> Assignment
Leave the images out and repeat the data exactly as given.

** Opening Data extract block **

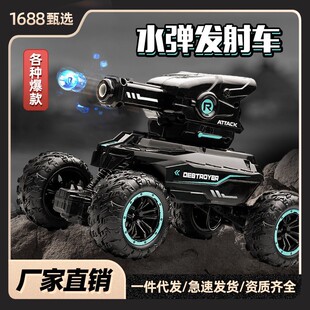 [Hot-Selling 10,000 Pieces on the Whole Network] Water Bomb Tank Car Remote Control Off-Road Climbing Car Can Launch Toy Car Tank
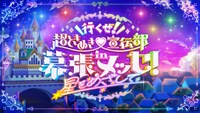 「行くぜ！超ときめき♡宣伝部 in 幕張メッセ！～星をめざして～」ロゴ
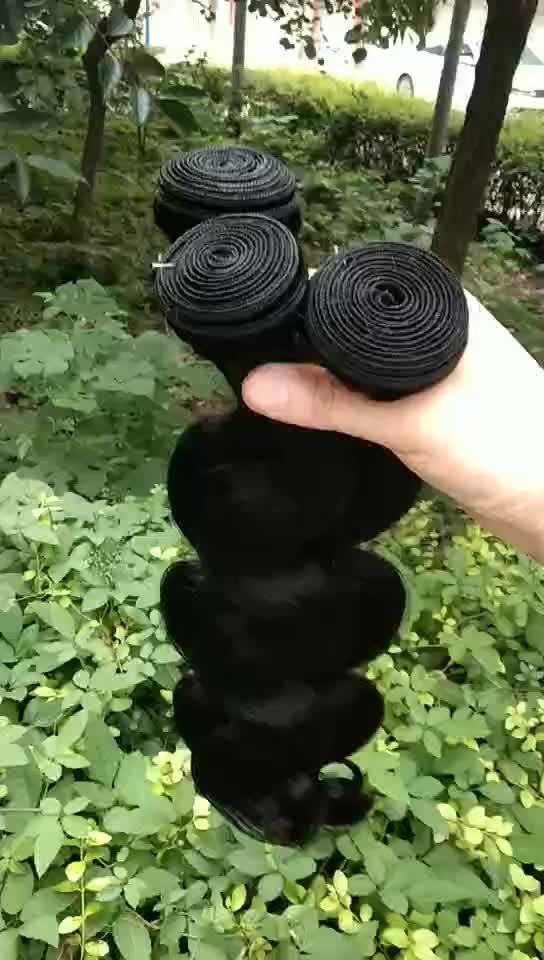 Body wave Brazilian hair curtain Body wave Brazilian hair curtain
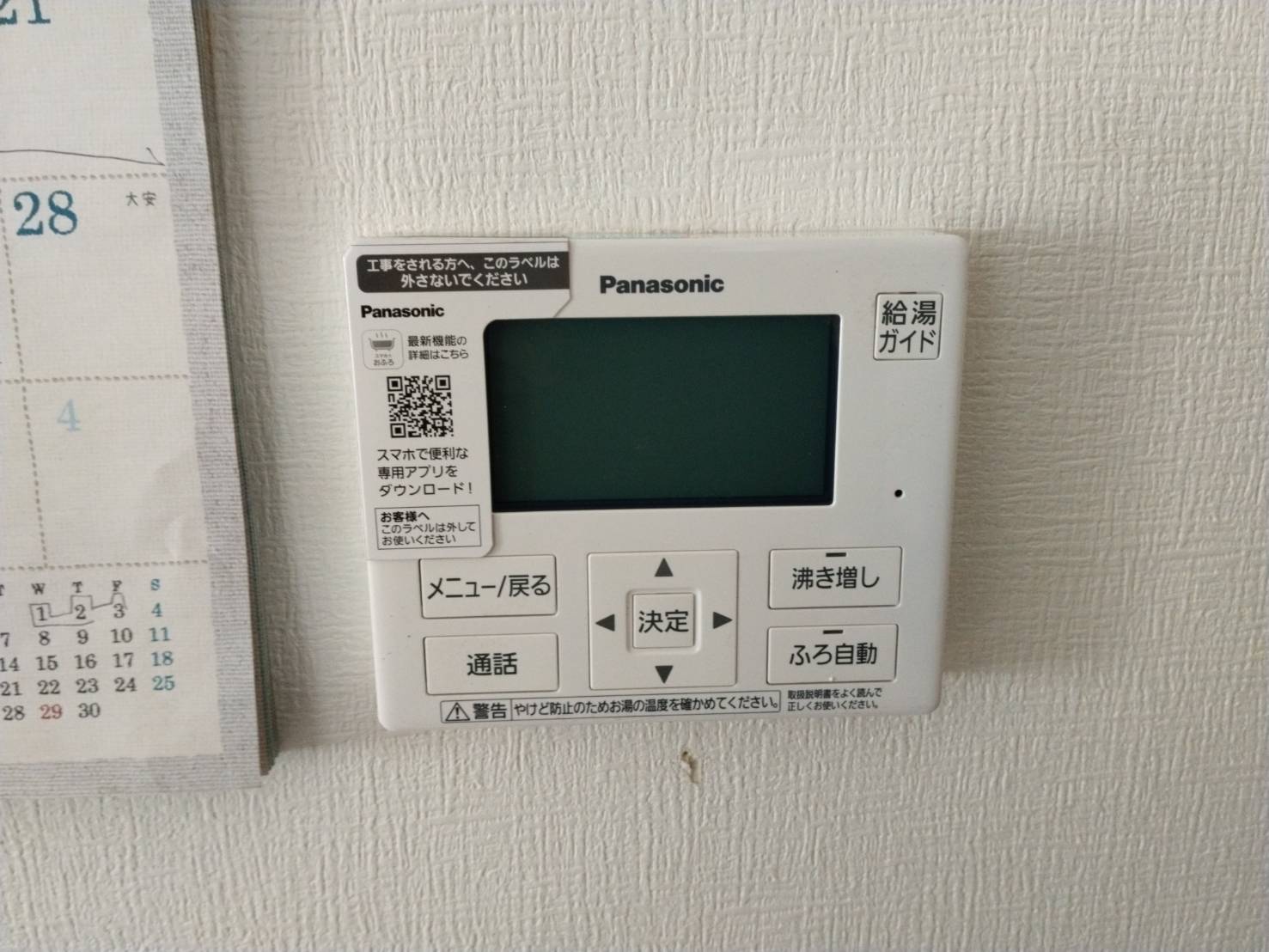 静岡県磐田市お客様 リモコン交換後(キッチン側)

** Closing Data extract block **

> Answer for this exercise
 [Hot-Selling 10,000 Pieces on the Whole Network] Water Bomb Tank Car Remote Control Off-Road Climbing Car Can Launch Toy Car Tank
 「行くぜ！超ときめき♡宣伝部 in 幕張メッセ！～星をめざして～」ロゴ
 Body wave Brazilian hair curtain Body wave Brazilian hair curtain
 静岡県磐田市お客様 リモコン交換後(キッチン側)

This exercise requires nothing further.